## Imports

In [1]:
import json
from sklearn.model_selection import train_test_split
from sklearn.feature_extraction.text import CountVectorizer, TfidfVectorizer
from sklearn import svm
from sklearn.tree import DecisionTreeClassifier
from sklearn.linear_model import LogisticRegression
from sklearn.metrics import f1_score
from googletrans import Translator
translator = Translator()

## Data Classes

In [2]:
import random

class Sentiment:
    NEGATIVE = "NEGATIVE"
    NEUTRAL = "NEUTRAL"
    POSITIVE = "POSITIVE"

class Review:
    def __init__(self,text,score):
        self.text = text
        self.score = score
        self.sentiment = self.get_sentiment()
        
    def get_sentiment(self):
        if self.score <= 2:
            return Sentiment.NEGATIVE
        elif self.score ==3:
            return Sentiment.NEUTRAL
        else:
            return Sentiment.POSITIVE
        
        
class review_container:
    def __init__(self,reviews):
        self.reviews = reviews
    
    def get_text(self):
        return [x.text for x in self.reviews]
        
    def get_sentiment(self):
        return [x.sentiment for x in self.reviews]
        
    def evenly_distribute(self):
        negative = list(filter(lambda x: x.sentiment == Sentiment.NEGATIVE, self.reviews))
        positive = list(filter(lambda x: x.sentiment == Sentiment.POSITIVE, self.reviews))
        positive_shrunk = positive[:len(negative)]
        self.reviews = negative +positive_shrunk
        random.shuffle(self.reviews)
        

## Read json file

In [3]:
file_name = './datasets/sentiment/Books_small_10000.json'

reviews = []

with open(file_name) as f:
    for line in f:
        review = json.loads(line)
        reviews.append(Review(review['reviewText'],review['overall']))

## Seeing the data

In [4]:
print(reviews[25].sentiment)
print(reviews[1].sentiment)
print(reviews[2].sentiment)

POSITIVE
NEUTRAL
POSITIVE


In [5]:
len(reviews)

10000

## Prepare data

In [6]:
train,test = train_test_split(reviews,test_size=0.33,random_state=42)
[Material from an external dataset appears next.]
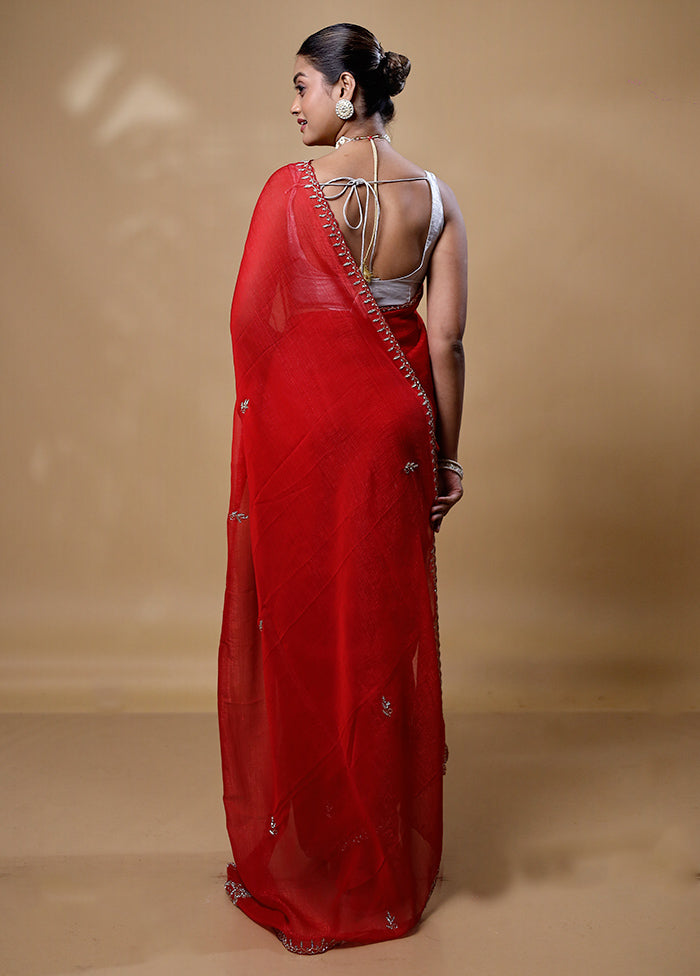 Red Jimmy Choo Saree With Blouse Piece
train_container = review_container(train)
test_container = review_container(test)

In [7]:
train_container.evenly_distribute()

train_x = train_container.get_text()
train_y = train_container.get_sentiment()

test_container.evenly_distribute()
test_x = test_container.get_text()
test_y = test_container.get_sentiment()

## Bag of words

In [8]:
vectorizer = TfidfVectorizer()

train_x_vectors = vectorizer.fit_transform(train_x)
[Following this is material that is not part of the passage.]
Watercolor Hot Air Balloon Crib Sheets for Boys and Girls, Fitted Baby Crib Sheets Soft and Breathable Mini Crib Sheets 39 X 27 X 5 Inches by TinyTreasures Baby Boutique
test_x_vectors = vectorizer.transform(test_x)

test_x_vectors = vectorizer.transform(test_x)

## Classifications

#### Linear SVM

In [9]:
clf_svm = svm.SVC(kernel = 'linear')

clf_svm.fit(train_x_vectors,train_y)

test_x[0]

clf_svm.predict(test_x_vectors[0])

array(['NEGATIVE'], dtype='<U8')

#### Decision Tree

In [10]:


clf_dec = DecisionTreeClassifier()

clf_dec.fit(train_x_vectors, train_y)

clf_dec.predict(test_x_vectors[0])



array(['POSITIVE'], dtype='<U8')

### Logistic Regression

In [11]:
clf_log = LogisticRegression()

clf_log.fit(train_x_vectors,train_y)

clf_log.predict(test_x_vectors[0])



array(['NEGATIVE'], dtype='<U8')

## Testing wich is the best

In [12]:
print(clf_svm.score(test_x_vectors,test_y))

print(clf_dec.score(test_x_vectors,test_y))

print(clf_log.score(test_x_vectors,test_y))

0.8076923076923077
0.6610576923076923
0.8028846153846154


In [13]:
print(f1_score(test_y, clf_svm.predict(test_x_vectors),average=None,labels=[Sentiment.POSITIVE, Sentiment.NEGATIVE]))

print(f1_score(test_y, clf_dec.predict(test_x_vectors),average=None,labels=[Sentiment.POSITIVE, Sentiment.NEGATIVE]))

print(f1_score(test_y, clf_log.predict(test_x_vectors),average=None,labels=[Sentiment.POSITIVE, Sentiment.NEGATIVE]))

[0.80582524 0.80952381]
[0.65356265 0.66823529]
[0.80097087 0.8047619 ]


## And now, use the project

In [14]:
def sentiment(list):
    translates = []
    
    for x in list:
        translate = translator.translate(x).text
        translates.append(translate)
        
    new_test = vectorizer.transform(translates)
    return clf_svm.predict(new_test) 
        

Using the translator library to write reviews in portuguese

In [15]:
words = ['este livro é ruim','Perda de tempo', 'este livro é muito confuso','gostei muito deste livro',]
sentiment(words)

array(['NEGATIVE', 'NEGATIVE', 'NEGATIVE', 'POSITIVE'], dtype='<U8')